Kadaria Ahmed did not answer a request seeking comments about the controversial asset she secured from Kaduna.
Messrs Goje, Adamu and Mu’Azu did not answer calls and messages seeking comments. A spokesman did not return a request for comments.
While seizing the residences, El-Rufai had argued that certain assets cannot be occupied by civil servants below level 16, defying a civil service regulation that said civil servants from level eight and above are entitled to such accommodations.
Labour unions condemned Mr El-Rufai’s action at the time and warned of serious consequences should it be allowed to stand, but the governor called their bluff.

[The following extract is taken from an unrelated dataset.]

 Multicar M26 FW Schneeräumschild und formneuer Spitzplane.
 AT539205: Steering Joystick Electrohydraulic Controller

It was not immediately clear whether or not the beneficiaries paid to obtain the assets, or how much each person paid to state coffers in charges and taxes, but the action evoked the widespread controversies he courted during his days as Abuja minister in the 2000s.
When the governor served as the FCT minister between 2003 and 2007, he faced relentless allegations of seizing lands and structures from everyday Nigerians and reallocating them to his family members, political allies and cronies.